Gibah yang Diperbolehkan, Adakah?

Gibah yang Diperbolehkan, Adakah?

Hadila.co.id – Asalamualaikum ustazah. Bagaimaan kriteria gibah yg diperbolehkan? Apakah ketika berada dalam grup WA dan kadang membicarakan aib orang lain, dalam rangka mencari solusi, termasuk kategori gibah? Lalu apa saran ustazah jika kita terpaksa berada di grup itu? (Ana, Solo)

 Konsultan: Ustazah Nursilaturahmah Lc (Dosen Ma’had Abu Bakar Surakarta)

Wa’alaikumussalaam warahmatullahi wabarakaatuh. Saudari Ana yang dimuliakan Allah Swt, kemajuan teknologi saat ini memiliki pengaruh luar biasa dalam kehidupan kita, apalagi dalam masalah komunikasi. Tak jarang keberadaan grup-grup yang sedang marak menjadi ajang berdiskusi sembari membicarakan banyak hal kesana-kemari hingga tak disadari akhirnya jadi ajang ngrumpi.
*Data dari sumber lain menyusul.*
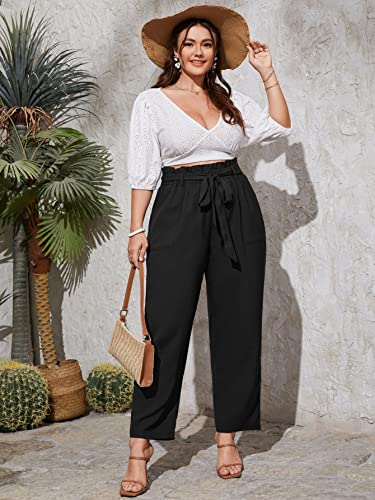 WDIRARA Women's Plus Size Paper Bag Waist Belted Casual Pants with Pockets4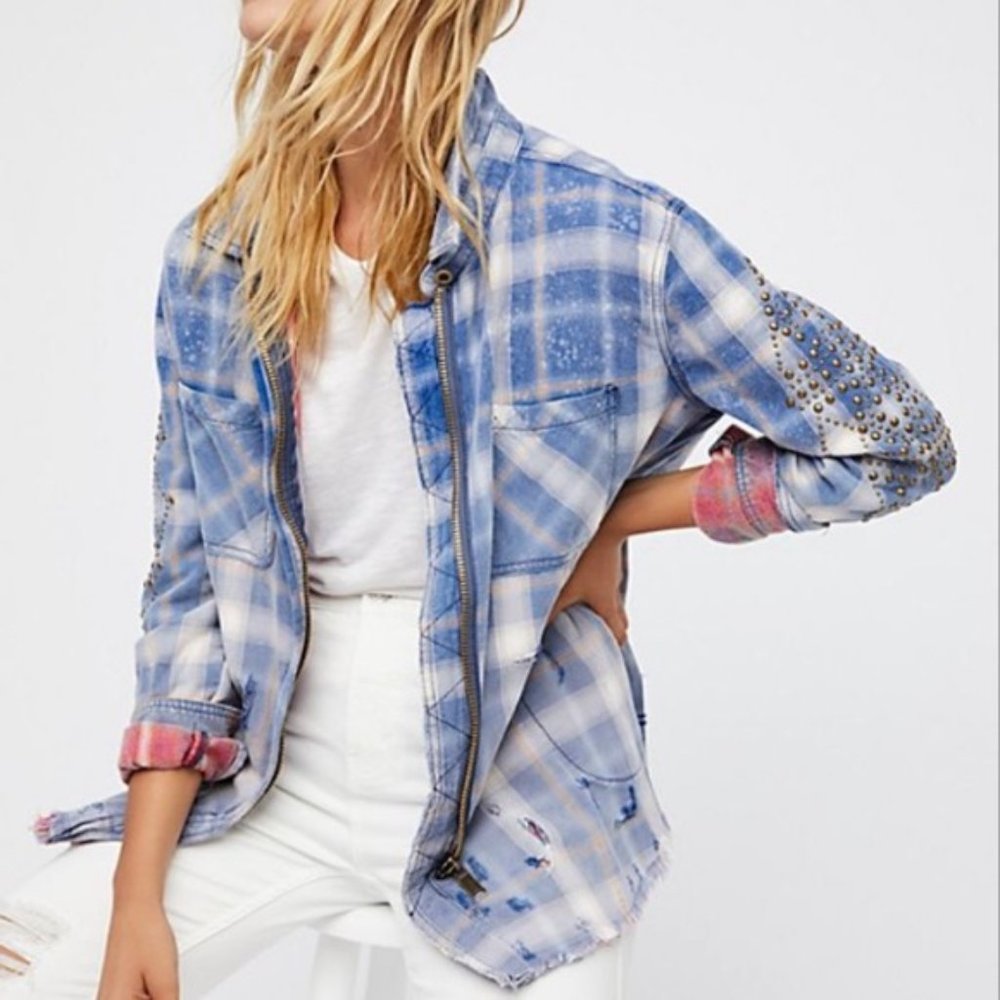 FREE PEOPLE Destroyed Blue Flannel Zip Up Jacket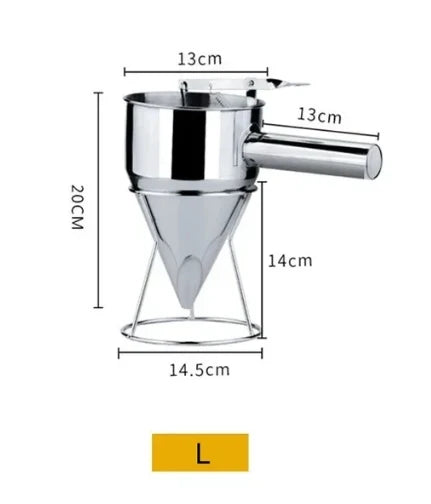 Cone Stainless Steel Pancake Batter Removable Dispenser Funnels with Stand 600/1200ml Great for Cupcakes Takoyaki Baking Tools Peaceful Pleasures Health and Wellness L-1200ml
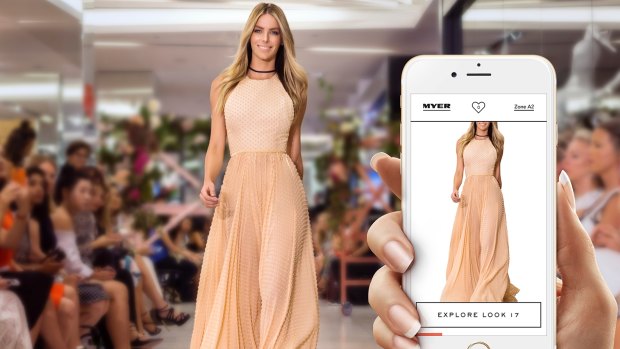 The face of Myer, Jennifer Hawkins, demonstrates the new Catwalk to Cart feature that will debut at the store's Melbourne Fashion Festival show on Friday.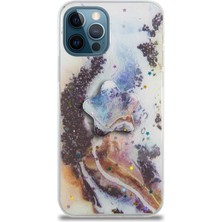Kzy Apple iPhone 12 Pro Kapak Mermer Desenli Pop Socketli Silikon Kılıf - Mor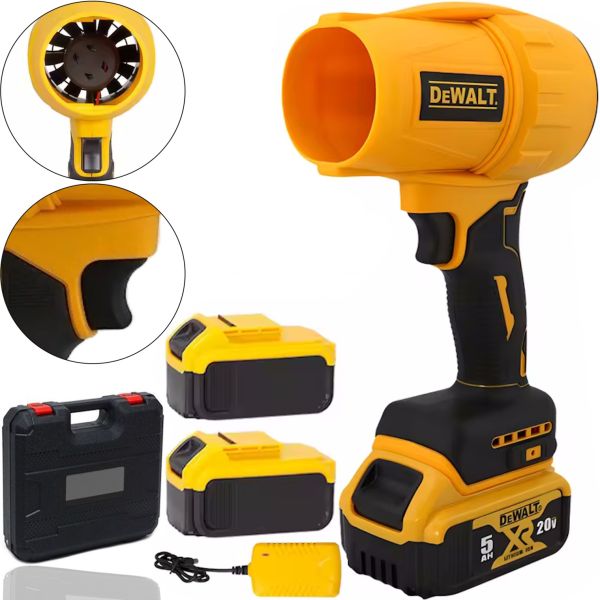 Аккумуляторная воздуходувка фен DeWalt DCE90E 20V 5Ah для уборки снега и листьев с 2 аккумуляторами, Беспроводная дуйка Деволт для удаления пыли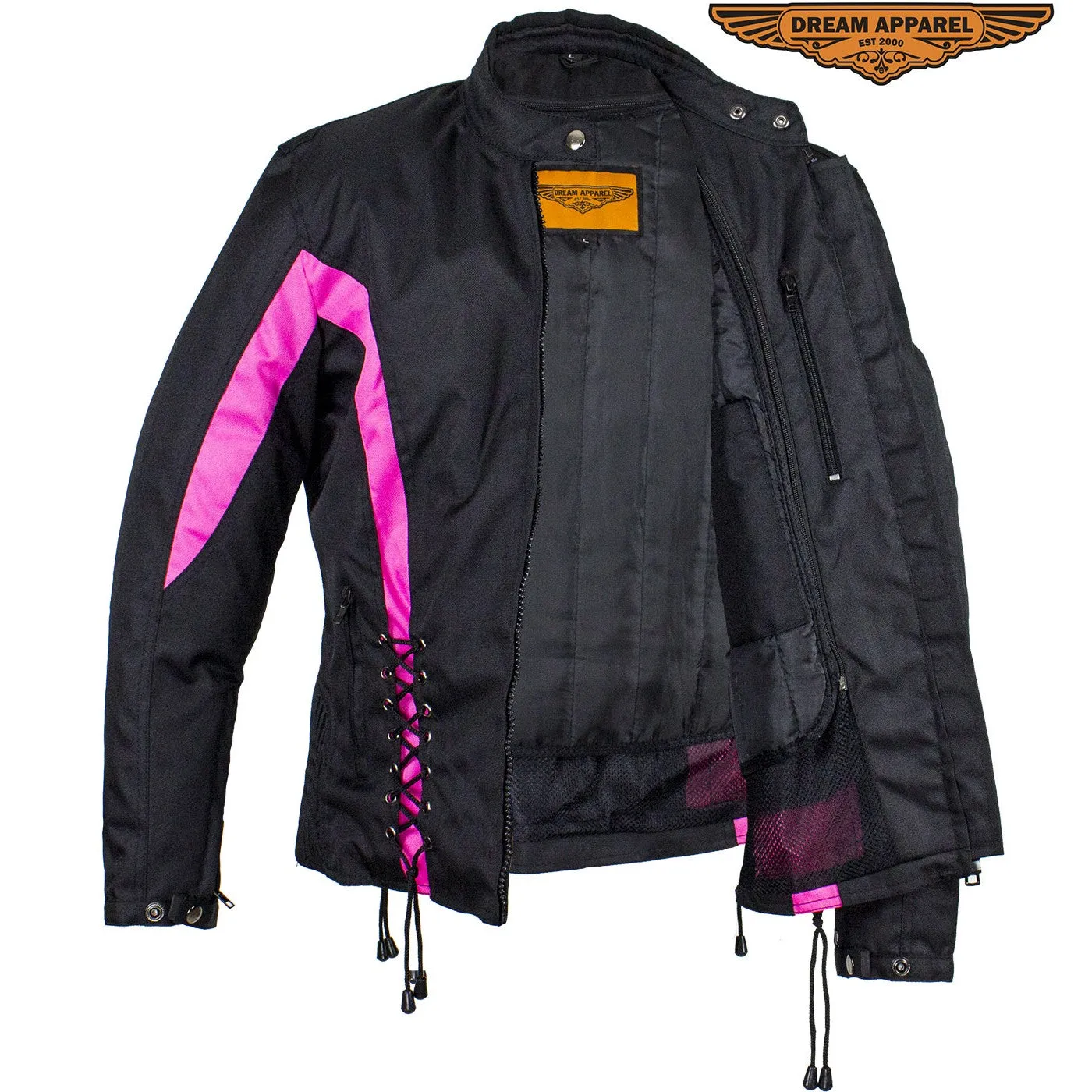 New Black & Pink Textile Racing Jacket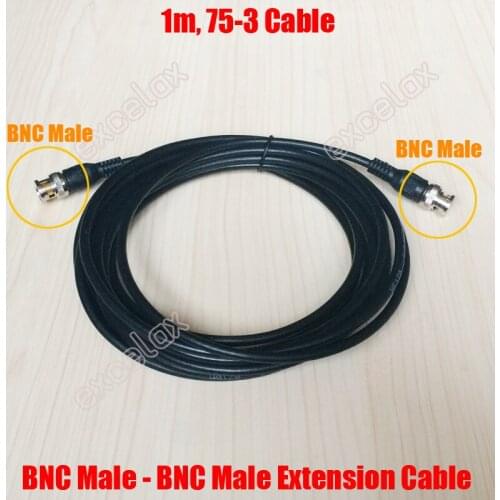 2PCS/Lot 1m / 100cm BNC Male To BNC Male Video Cable 75-3 Coaxial Extension Cable 1 Meter Jumper for CCTV Video Surveillance Use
Padahal Rasulullah Saw menyampaikan bahwa setiap anggota tubuh kita memiliki potensi untuk melakukan perbuatan yang mengandung maksiat. Dan di antara yang paling berpotensi adalah lisan kita, sampai-sampai Rasulullah Saw memberikan jaminan bagi siapa saja yang mampu untuk menjaga lisannya, maka beliau jamin dengan surga. Dengan ini pula tak sedikit dari para salafush-shalih mengingatkan kita dari buku-buku yang mereka tulis tentang bahaya lisan. Dan di antara bahaya lisan yang sering tidak kita sadari adalah gibah. Apalagi dalam dunia para emak atau ibu-ibu yang memang memiliki potensi luar biasa dalam hal ini.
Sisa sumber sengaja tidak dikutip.